2. An assembly as claimed in claim 1, wherein said jet deflector
comprises a deflecting surface for guiding an exhaust jet in an
exhaust direction crosswise to a longitudinal axis of said casing,
and directing the jet far away from said casing.
3. An assembly as claimed in claim 1, wherein said jet deflector
conducts said exhaust jet along a curved exhaust path.
4. An assembly as claimed in claim 1, wherein said assembly is
modular to fit positively and interchangeably to an identical
modular missile housing-transportation-launch assembly.
5. An assembly as claimed in claim 1, further comprising releasable
connecting means for connecting said casing to a casing of an
adjacent housing-transportation-launch assembly.

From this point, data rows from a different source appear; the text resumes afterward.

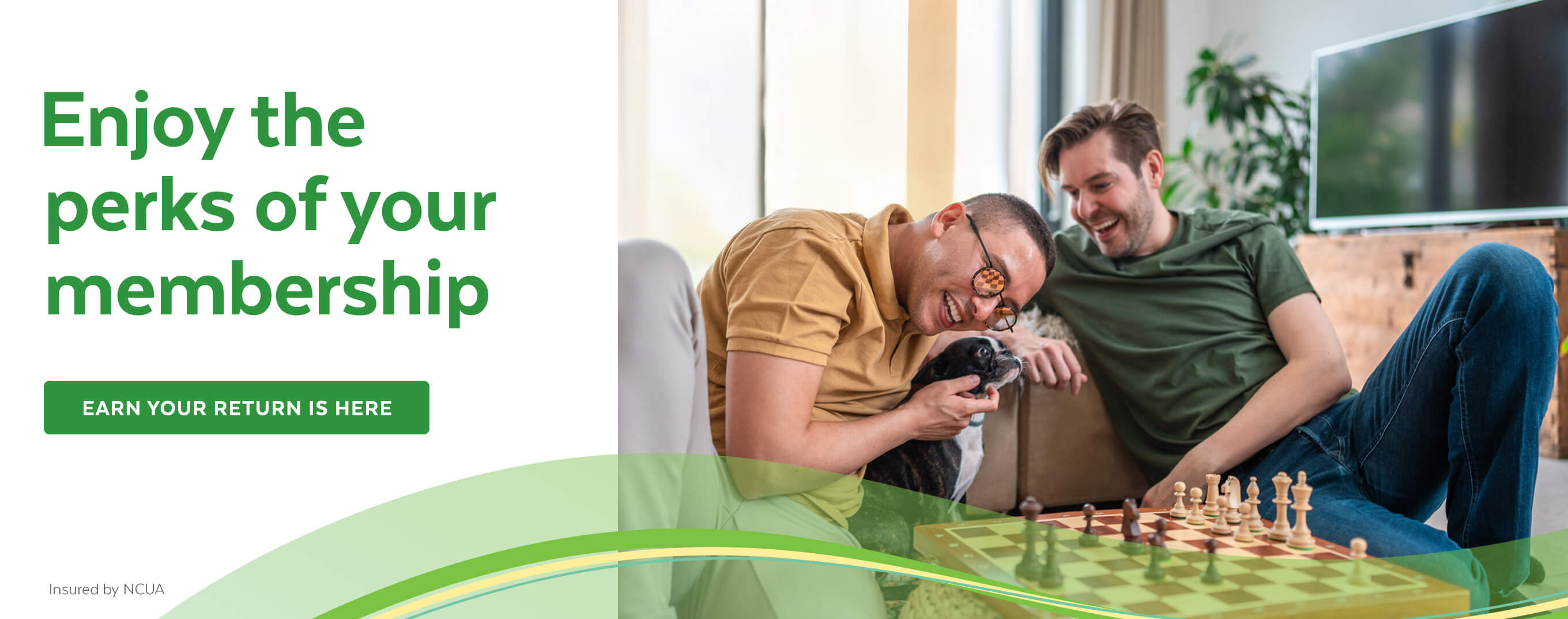 2026 Earn Your Return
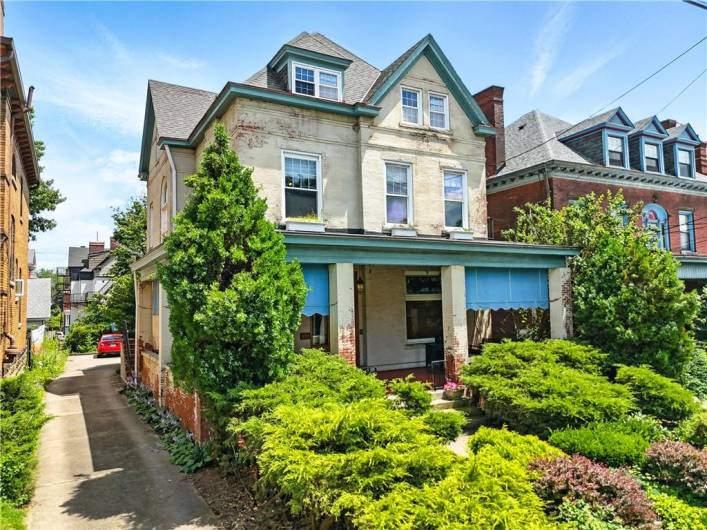 451 S Atlantic - 4 Unit Building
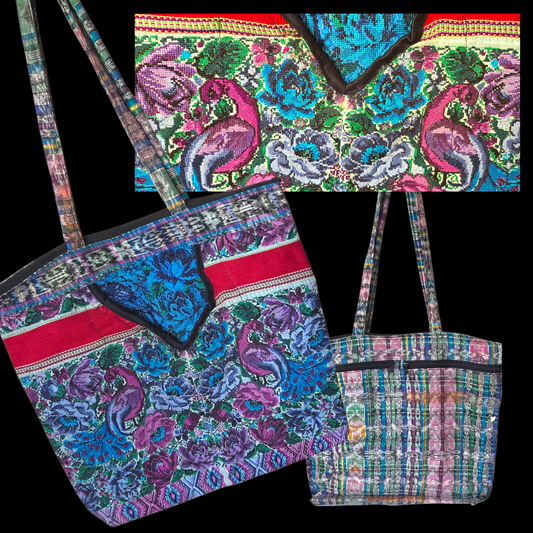 Bags Guipil w/pocket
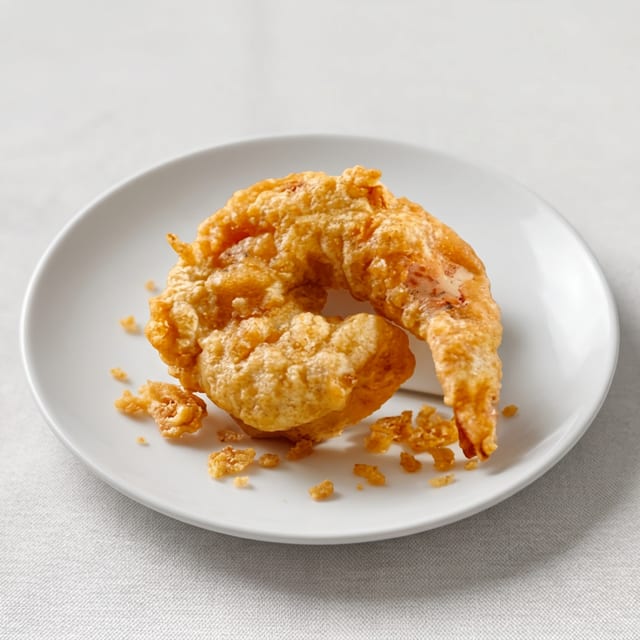 Fried Shrimp.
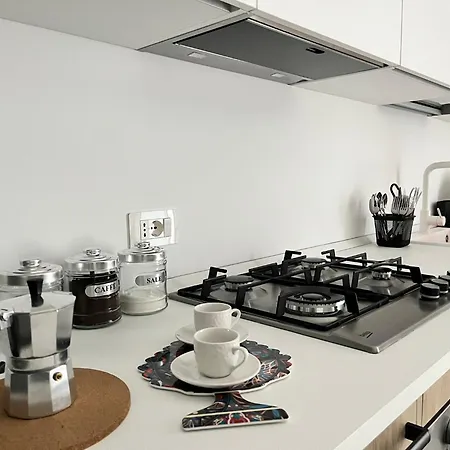 Apartament Maffi *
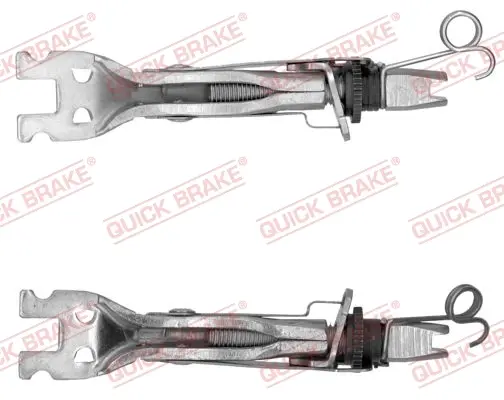 Гальмiвний аксесуар quick brake 101 53 002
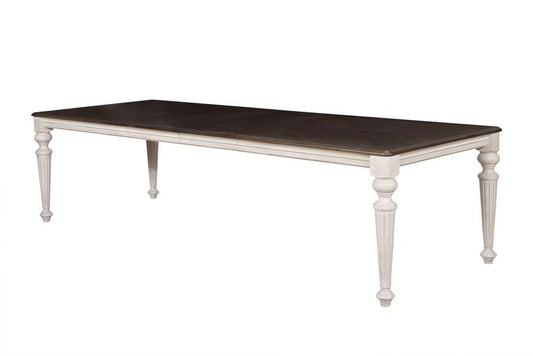 Avalon Furniture - West Chester Dining Table - D0162N DT veiw 1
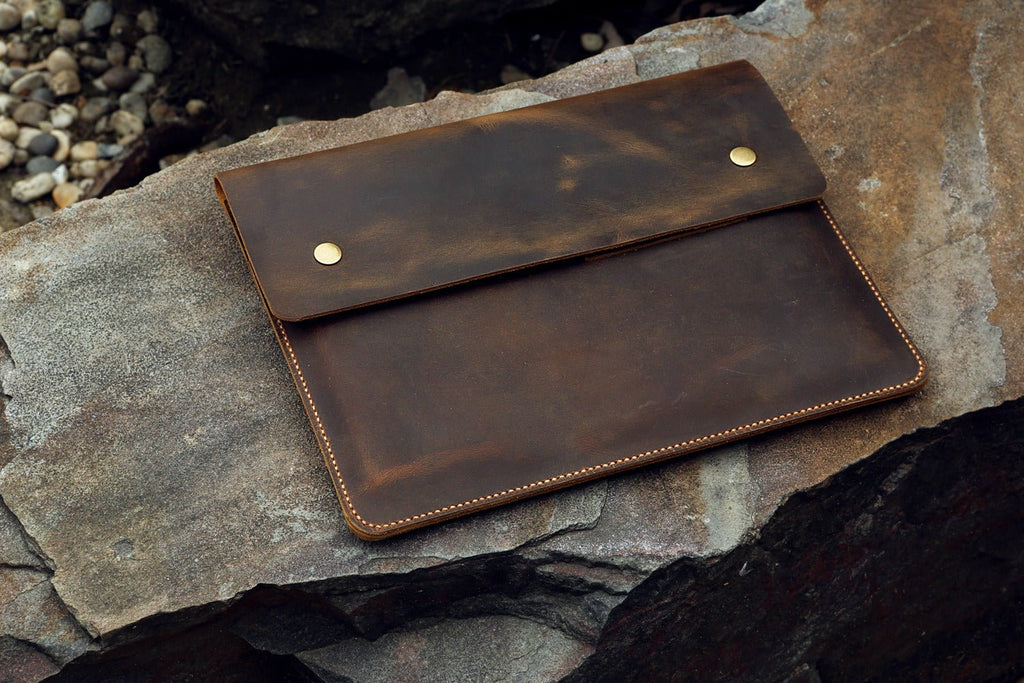 leather surface pro 6 cover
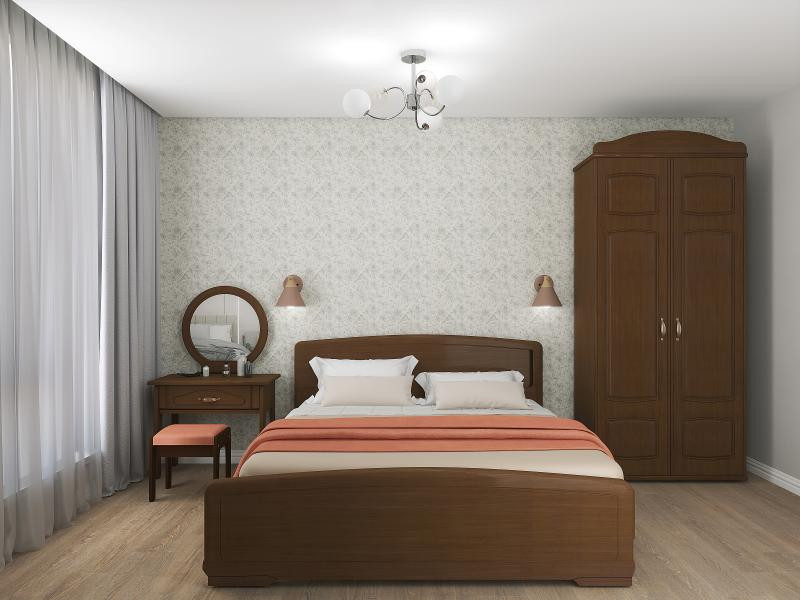 Кровать Кристина прайм (1200)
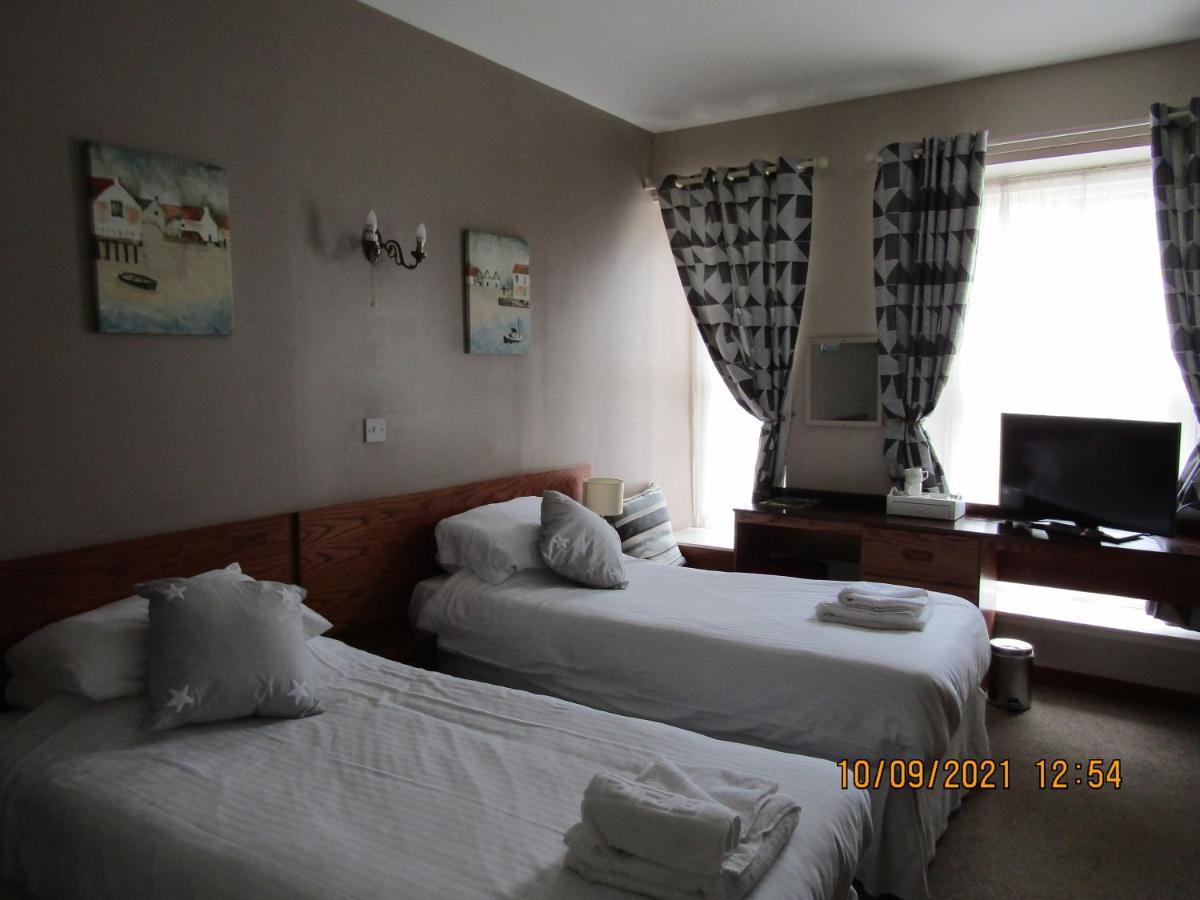 Queens Hotel Stonehaven Bagian luar foto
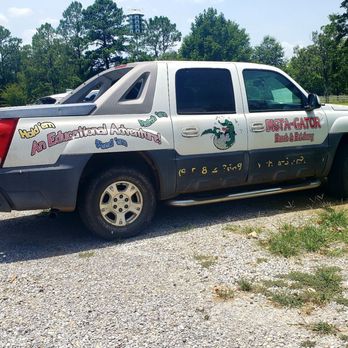 Insta-Gator Ranch & Hatchery - Tours Near Me - Covington, Louisiana
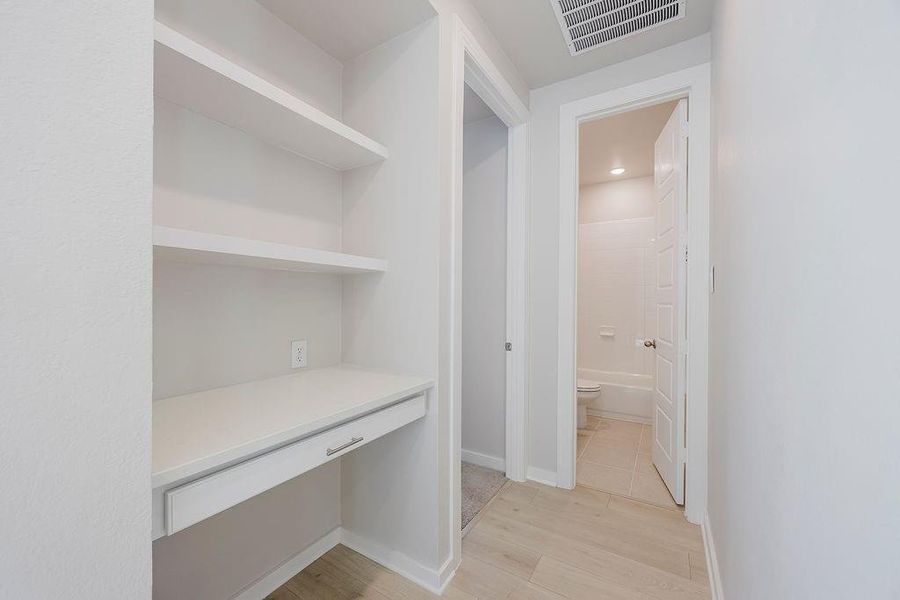 Image 32 of a home in Devonshire.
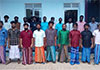 Another 19 Indian fishermen to be repatriated from Sri Lanka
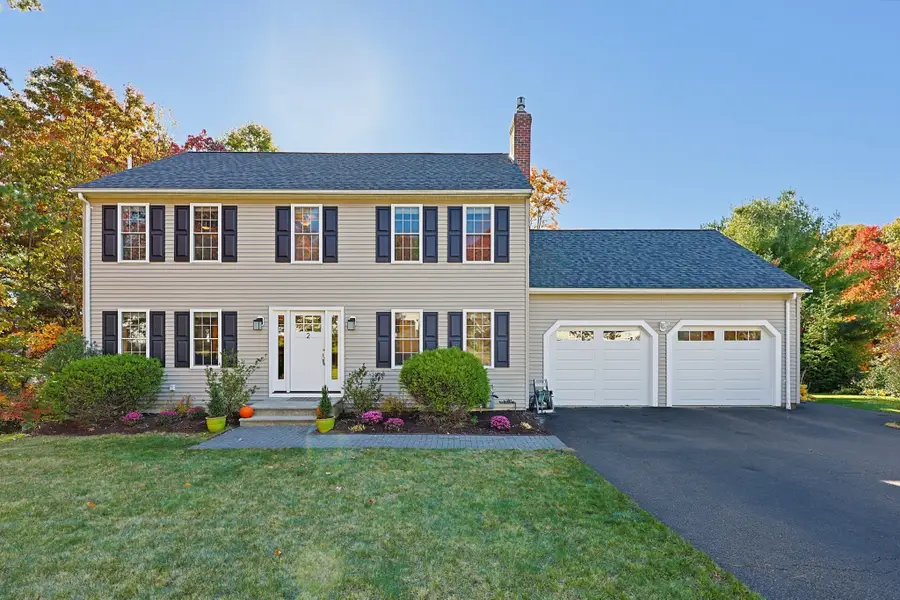2 Wisteria Dr., Plainville, MA 02762 - #2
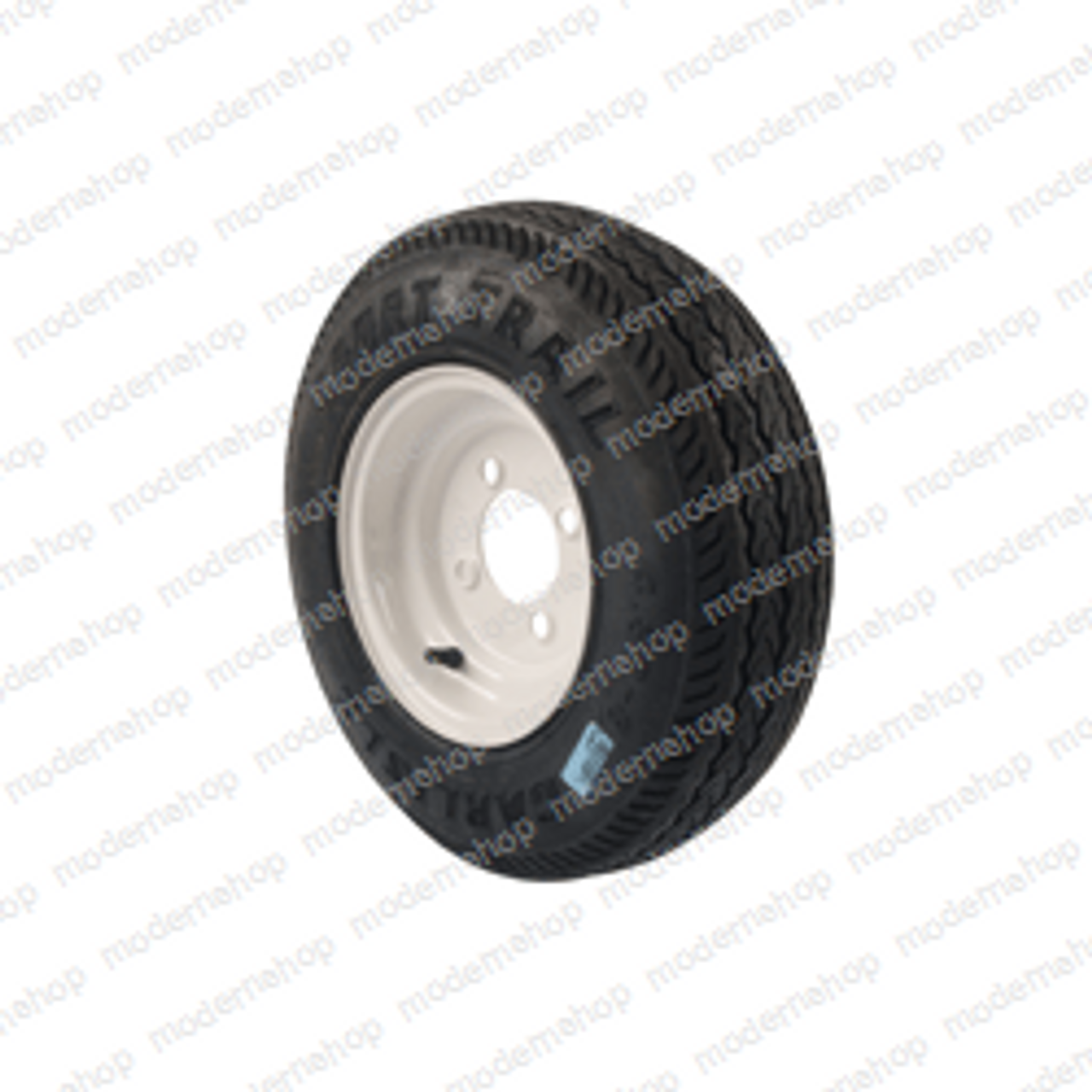 886378: Cushman TIRE + WHEEL - 4.80 X 8 LRB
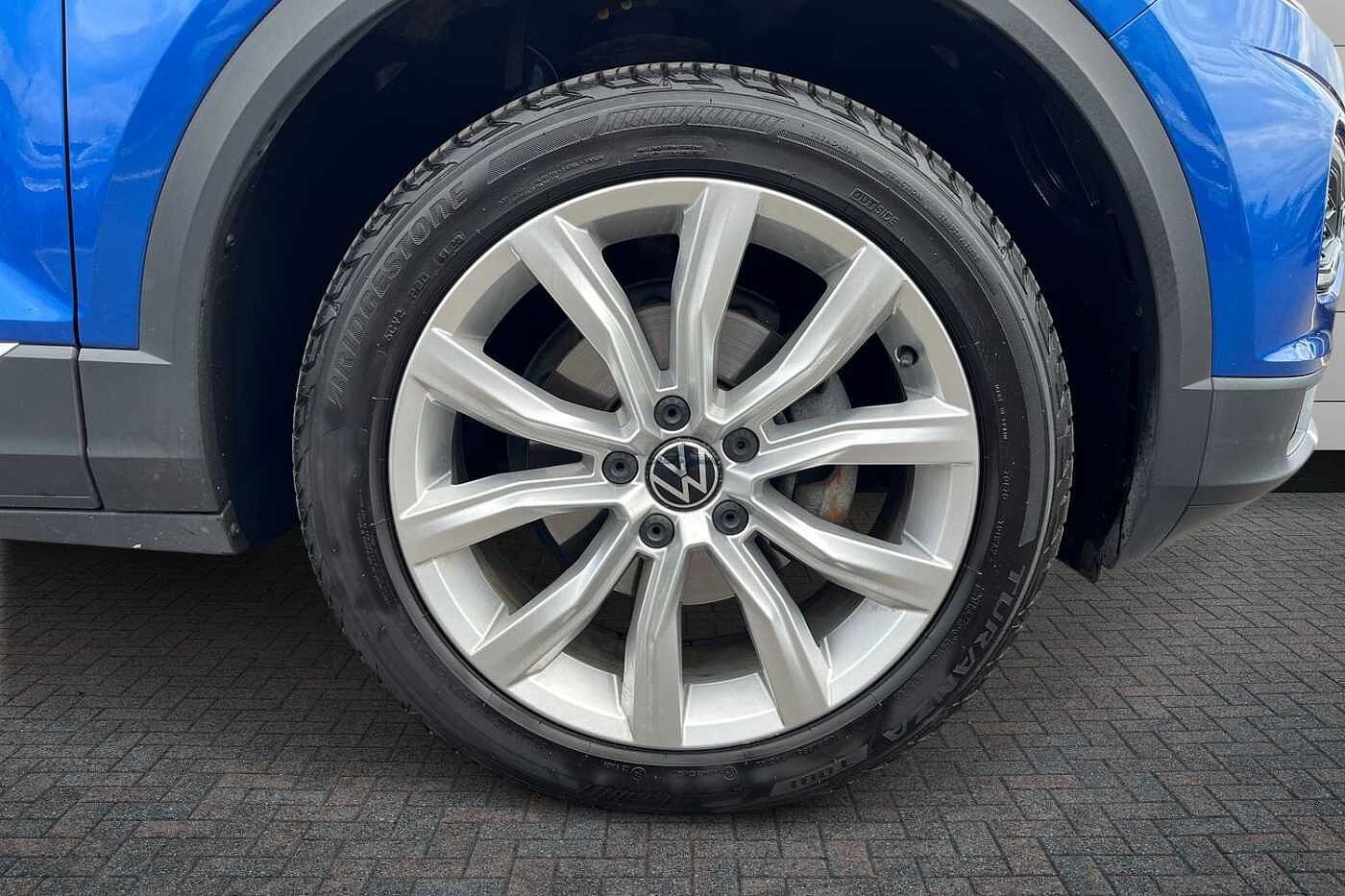 Volkswagen T-Roc 1.5 TSI GPF EVO SEL Manual 150 ps - HEATED SEATS,CAMERA, ELECTRIC TAILGATE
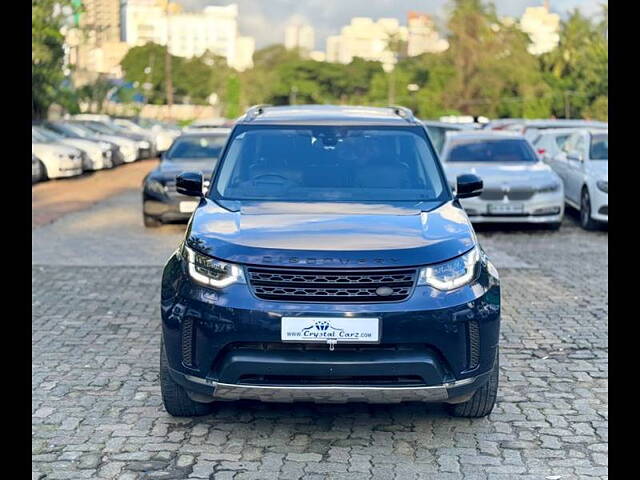 Used 2018 Land Rover Discovery in Mumbai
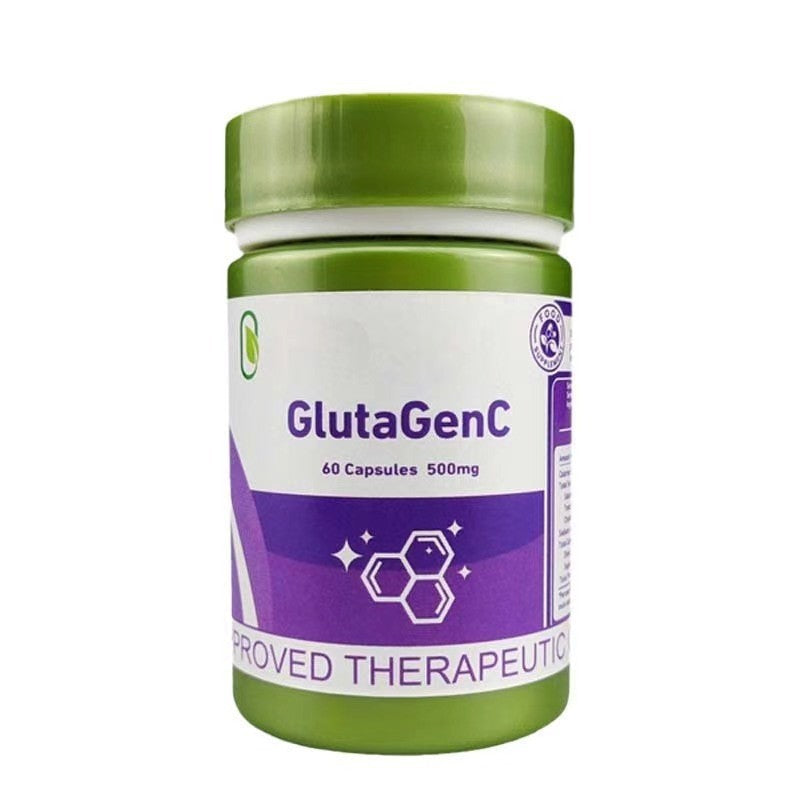 Melatonin Creatine Xilai Zhi Probiotic Capsules Gummy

6. An assembly as claimed in claim 5, wherein said assembly is
directly connectable with one or two identical assemblies, placed
on top or underneath, by said connecting means, which comprise
locating means for positioning said assemblies in a fixed, one-only
position; and releasable locking means for locking said casings one
against another.
7. An assembly as claimed in claim 6, wherein said locating means
comprise at least one pair of pins projecting from said casing; and
at least one pair of seats, each engaged by a relative said
pin.
8. An assembly as claimed in claim 7, wherein said pins each
comprise a tapered end portion.
9. A housing-transportation-launch assembly for a missile, the
assembly comprising an outer casing (K) housing said missile, the
casing (K) being made of metal and comprising a lateral wall, a
front breakthrough wall, a jet deflector connected integrally to a
rear portion of said lateral wall, and a rear breakthrough wall
closing an outlet of said jet deflector and which is broken by the
exhaust gases of said missile, and further comprising releasable
connecting means for connecting said casing to a casing of an
adjacent housing-transportation-launch assembly, wherein said
assembly is directly connectable with one or two identical
assemblies, placed on top or underneath, by said connecting means,
which comprise locating means for positioning said assemblies in a
fixed, one-only position; and releasable locking means for locking
said casings one against another, and wherein said releasable
locking means comprise means for blocking pins projecting from said
casing; and inclined-surface retaining means cooperating with tie
means for tightening or forcing the two casings against each
other.
10. An assembly as claimed in claim 9, wherein said tie means
comprise at least one pair of further pins; and said
inclined-surface retaining means comprise, for each said further
pin, a wedge-shaped body which cooperates with and rests against a
portion of said further pin, and actuating means for moving said
wedge-shaped bodies in a direction crosswise to said further
pins.
11. An assembly as claimed in claim 10, wherein said actuating
means comprise a cam device operated from outside the casing.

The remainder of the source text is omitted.